Es, en cuanto acto cognitivo, análisis y síntesis y en cuanto
acto epistémico, construcción de teorías e incluso elaboración
de nuevas ciencias.
Como producto
social e histórico es una realidad a sustanciar concretamente,
ya que hay que delimitar en tiempos y espacios específicos
la propia comprensión para ver qué es lo que se comprende
y cómo se lo comprende, por la existencia de los márgenes
de azar y de imponderabilidad que de pronto le hacen malas
jugadas a la comprensión.
De aquí
que sea importante que la comprensión (el ser humano que
comprende) se autocontrole en sus logros, revise sus conclusiones
y retorne a la descripción para observar qué es lo comprendido
y cómo es que se lo ha entendido, pues la inteligencia de
la que hablamos no es la empática del amor, o la poética
de los artistas, sino la racional de los científicos y los
sistematizadores y esto conlleva un permanente autocontrol
para medir los grados de avance de la importancia conseguida.
Si esto
se hace se tendrá un conocimiento diferenciado (una conciencia)
de los universos estudiados, sus complejidades, interacciones,
contextuaciones y substanciaciones y se podrá valorar el
conocimiento que se tiene.
La valoración
como momento intelectual es el tiempo reflexivo en el cual
establecemos preferencias subjetivas; nos orientamos en
nuestra comprensión (del objeto que nos ocupa), establecemos
niveles de importancia o jerarquías cognitivas y finalmente
aceptamos o rechazamos las descripciones y las comprensiones
que hemos efectuado sobre el objeto que concentra nuestra
atención.
Al conocer
siempre valoramos aunque esta ponderación sea automática
como lo es en los mecanismos propios del pensamiento cotidiano,
o diferenciada y mediata como ocurre en el pensar sistemático,
racional o científico.
En el conocer
cotidiano valoramos, si bien esta calificación no pasa por
nuestra conciencia (o es tan rápida que no la registramos),
y en el conocimiento científico con mayor razón pues está
dirigido al género humano y al interés común o social, aun
cuando sea con los signos negativos del interés particular.
El conocimiento
humano jamás es neutral, desinteresado o inocuo y siempre
encierra un valor, a pesar de que sea diferente a los valores
de la economía y se distinga por su sustancia moral o sensible,
estética.
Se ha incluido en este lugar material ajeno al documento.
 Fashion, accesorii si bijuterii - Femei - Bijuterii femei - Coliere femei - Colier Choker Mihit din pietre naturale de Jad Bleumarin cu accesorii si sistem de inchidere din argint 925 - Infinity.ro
Esta condición axiológica del pensar hace que
la valoración sea un componente sustancial del acto cognitivo
y produce que en el método de pensamiento llamado racional
sea el tiempo cognitivo más complejo, ya que podemos haber
descrito un universo y logramos haberlo comprendido o inteligido
en su composición real, pero no quedaremos satisfechos de
nuestro conocimiento sino hasta que hagamos sobre nuestro
trabajo una atribución de valor: ¡Qué bien lo hice! ¡Cuánto
falta todavía! etcétera.
De hecho,
siempre lo hacemos y por ello es más conveniente ser conscientes
de nuestra actividad (axiológica) que inconscientes de ella.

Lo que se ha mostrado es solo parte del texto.